At 11​:18 +0000 4/8/04\, Norbert Gruener (via RT) wrote​:

# New Ticket Created by Norbert Gruener # Please include the string​: [perl #28369] # in the subject line of all future correspondence about this issue. # \<URL​: http​://rt.perl.org​:80/rt3/Ticket/Display.html?id=28369 > ----------------------------------------------------------------- [Please enter your report here]

My name is Norbert Gruener. I am owner and maintainer of the Perl XS module AFS.

Recently I got two reports that my module is crashing under "Debian unstable" while it is running under "Debian stable". I could isolate the problem to the following situation. When I am using the "threaded" version

"perl\, v5\.8\.3 built for i686\-linux\-thread\-multi"

then my module crashes. Whereas if I am using the version without "threading"

"perl\, v5\.8\.3 built for i686\-linux"

everything is working and no segmentation fault shows up.

I don't know if this is of any interest for you or if you are saying "threads are not recommended\, so forget it"?

If you are interested in this case I can supply you with details of this problem.

Either that or build in some code so that the module refuses to operate in a threaded environment?

This is definitely _not_ enough to go on.

Does this only happen on Debian. Are other distributions unaffected or simply not tested?

Liz

p5pRT commented 20 years ago

The RT System itself - Status changed from 'new' to 'open'

p5pRT commented 20 years ago

From @iabyn

On Thu\, Apr 08\, 2004 at 11​:18​:49AM -0000\, Norbert Gruener wrote​:

My name is Norbert Gruener. I am owner and maintainer of the Perl XS module AFS.

Recently I got two reports that my module is crashing under "Debian unstable" while it is running under "Debian stable". I could isolate the problem to the following situation. When I am using the "threaded" version

"perl\, v5\.8\.3 built for i686\-linux\-thread\-multi" 

then my module crashes. Whereas if I am using the version without "threading"

"perl\, v5\.8\.3 built for i686\-linux"

everything is working and no segmentation fault shows up.

I don't know if this is of any interest for you or if you are saying "threads are not recommended\, so forget it"?

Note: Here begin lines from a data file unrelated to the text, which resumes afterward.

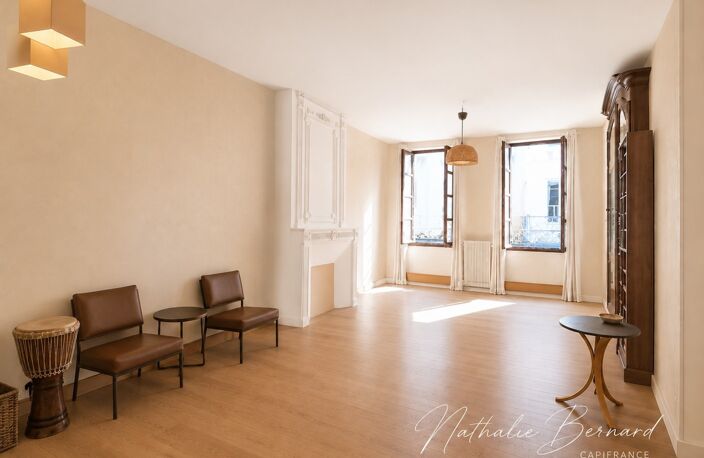 VILLENEUVE-SUR-LOT – IMMEUBLE MIXTE DE 210 M² – COMMERCE ET HABITATION – LIBRE — photo 2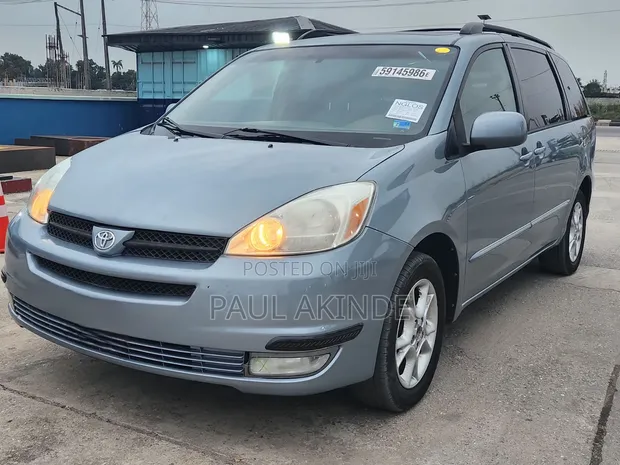 2005 Toyota Sienna XLE Limited AWD - 1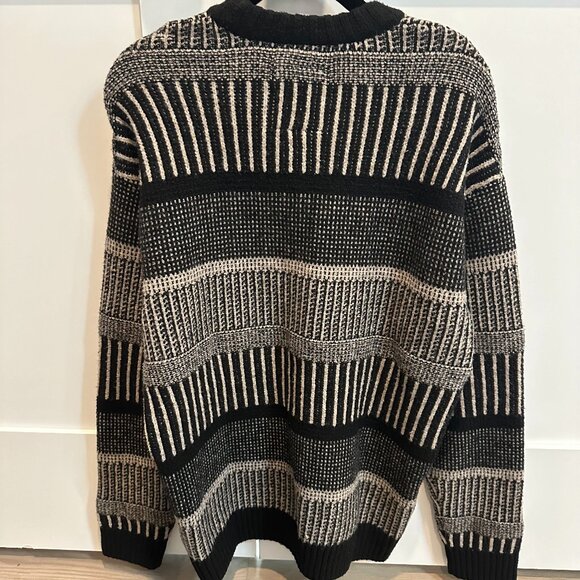 Hollister Men's Boxy Striped Crew Sweater - Picture 2 of 2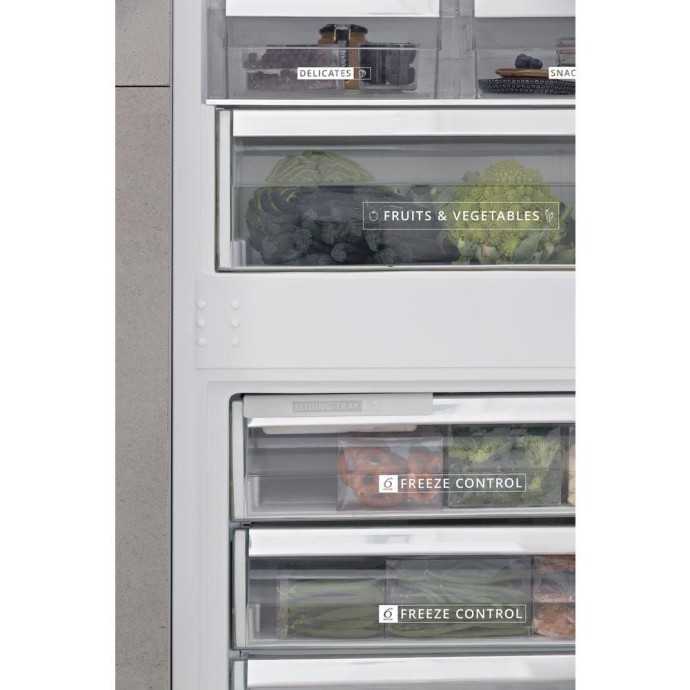 Холодильник с морозильной камерой Whirlpool SP40 801 EU  Фото №4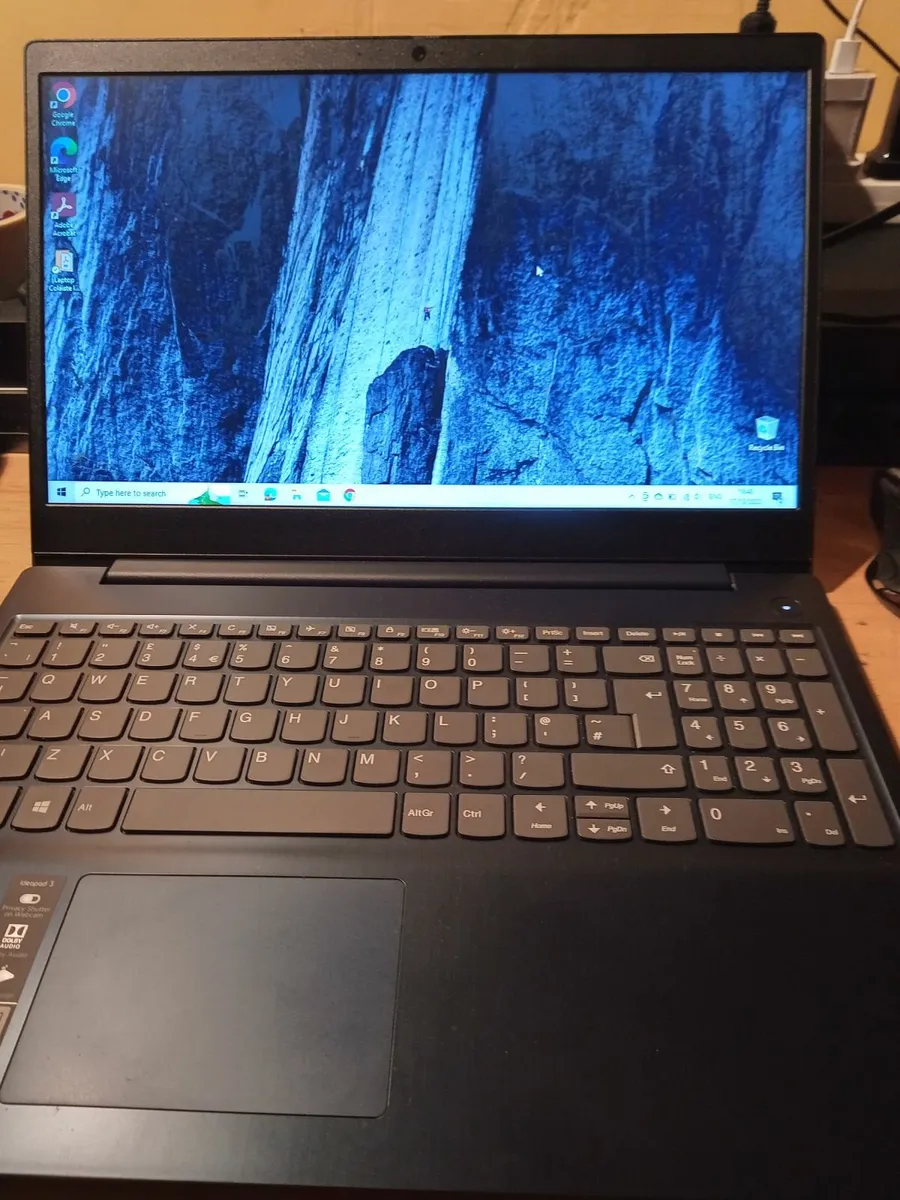 Laptop - Image 3
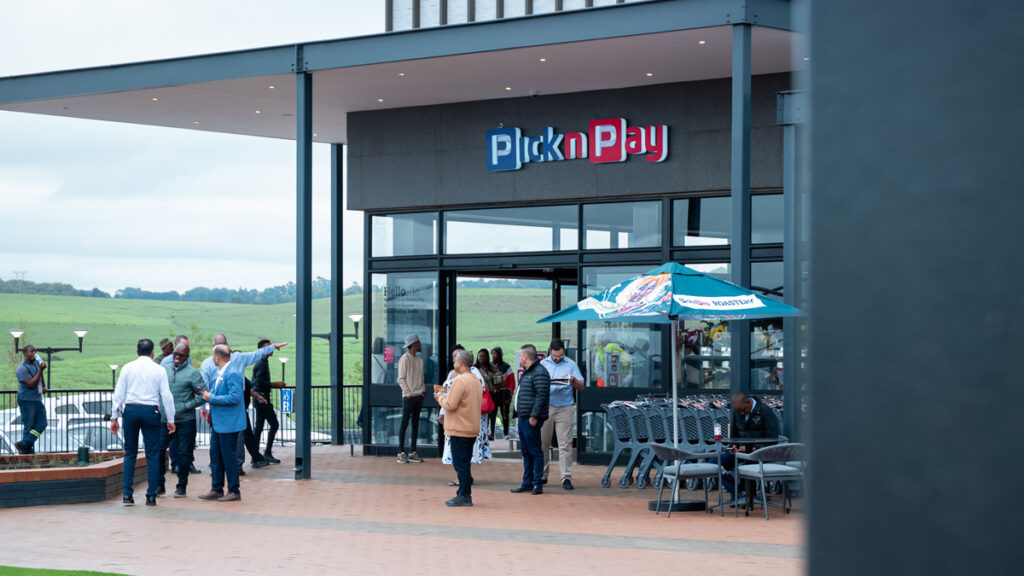 DailyInvestorSA's tweet card. Analysts remain divided on Pick n Pay’s turnaround, with some seeing potential value in its exposure to Boxer and recent restructuring efforts, while others remain cautious due to intense competition...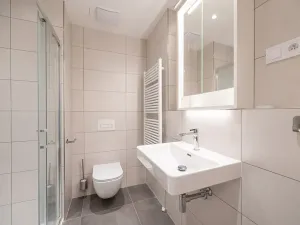 Pronájem bytu 1+kk, Praha, Milánská, 35 m2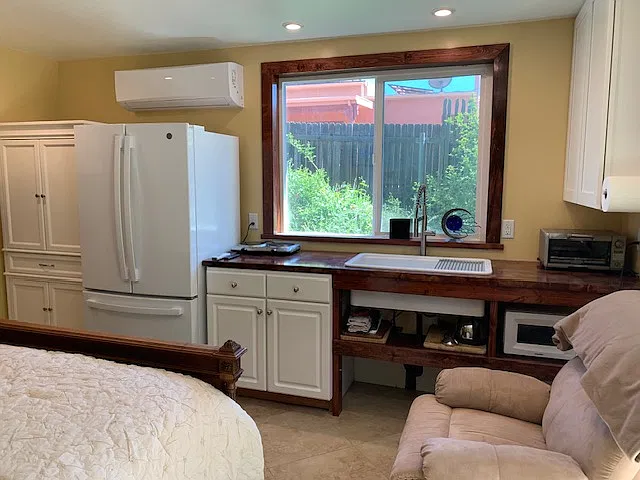 Studio, 250 sqft, $1,200 — Photo 2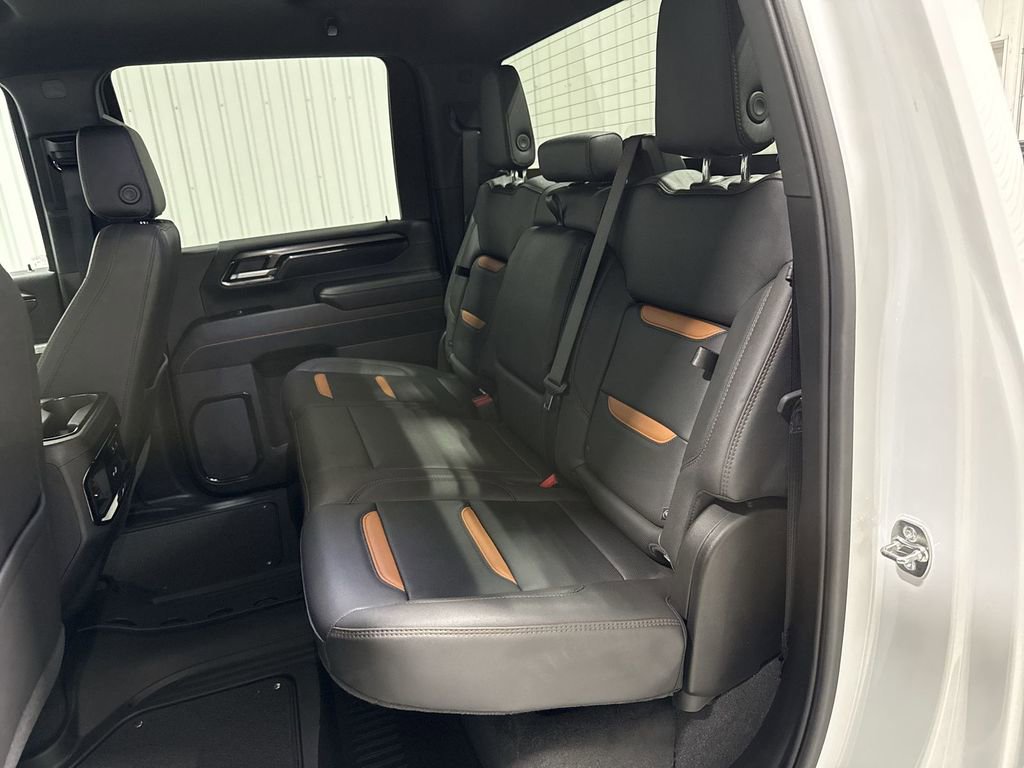 Used 2025 GMC Sierra 2500 AT4 image 26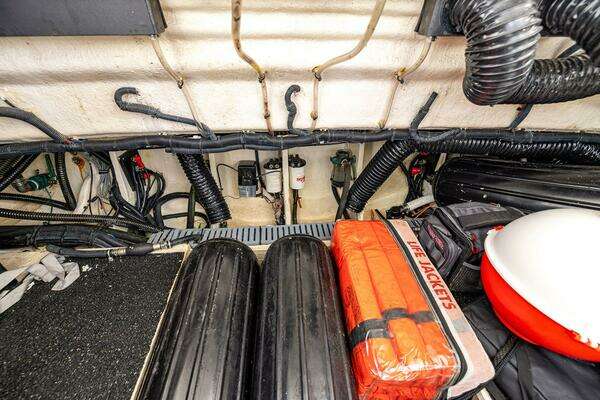 Regal LX 36 Yacht For Sale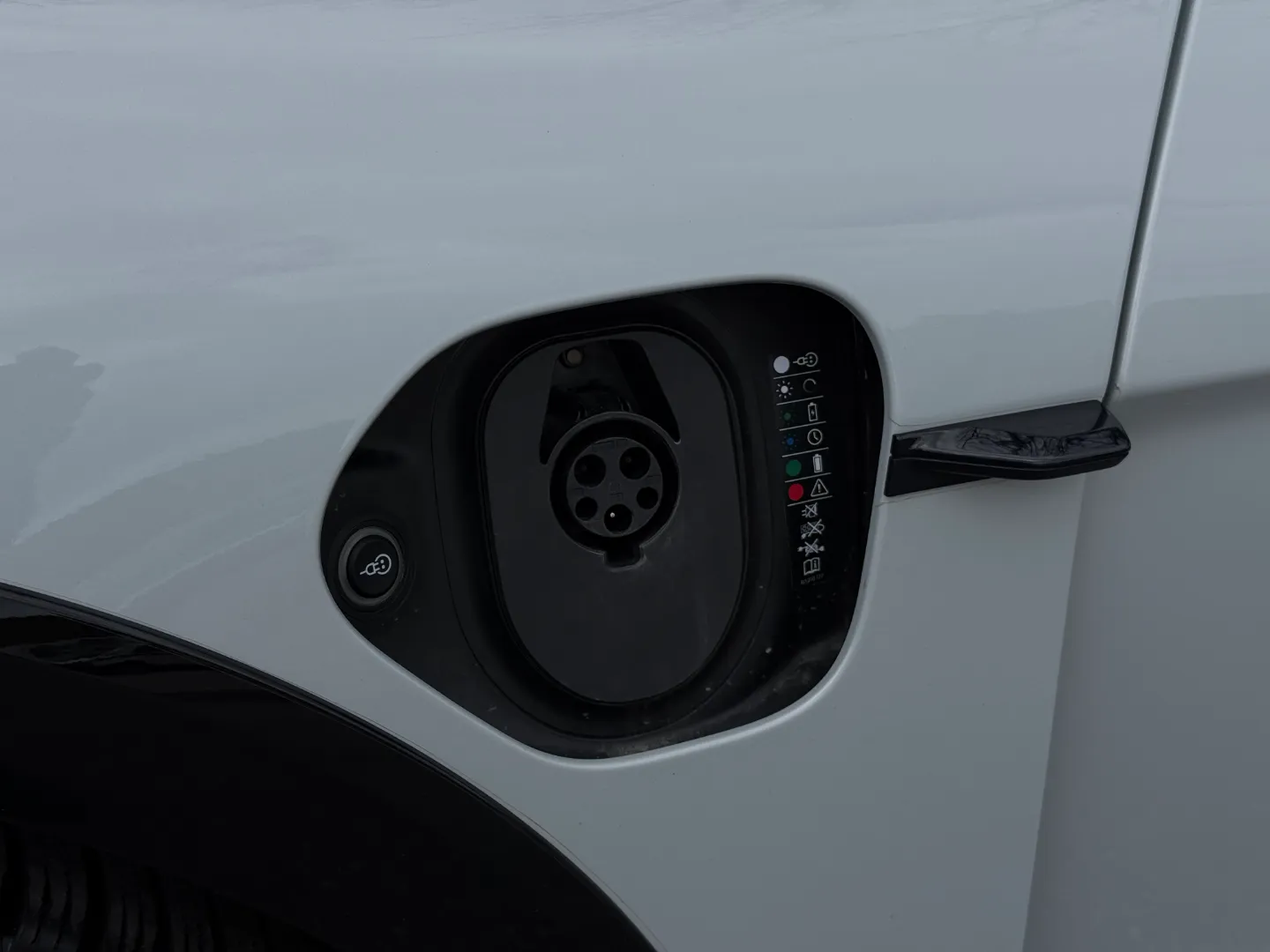 Porsche Taycan Turbo S Cross Turismo  — photo 17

If you are interested in this case I can supply you with details of this problem.

Questions​:

Is the fault reproducable? Is it reproducable without having an AFS filesystem around? Is the code that is faulting actually multi-threaded code\, or is it just single-threaded code that happens to crash on a thread-enabled interpeter?

Dave.

-- Never do today what you can put off till tomorrow.

p5pRT commented 20 years ago

From nog@MPA-Garching.MPG.DE

Hi Liz\,

On Sun\, Apr 11 2004\, Elizabeth Mattijsen via RT wrote​:

At 11​:18 +0000 4/8/04\, Norbert Gruener (via RT) wrote​:

I don't know if this is of any interest for you or if you are saying "threads are not recommended\, so forget it"?

If you are interested in this case I can supply you with details of this problem.

Either that or build in some code so that the module refuses to operate in a threaded environment?

This is definitely _not_ enough to go on.

Yes\, I am aware of that :-)

Does this only happen on Debian. Are other distributions unaffected or simply not tested?

In the meantime I could reproduce that problem at my office. We are running a distribution independent Linux installation. So it has nothing to do with the Debian distribution. It is just connected to the "threaded" version of the plain\, standard version of Perl 5.8.3 running on Linux taking all "configure" defaults except the "threading".

There are more details in the answer to Dave.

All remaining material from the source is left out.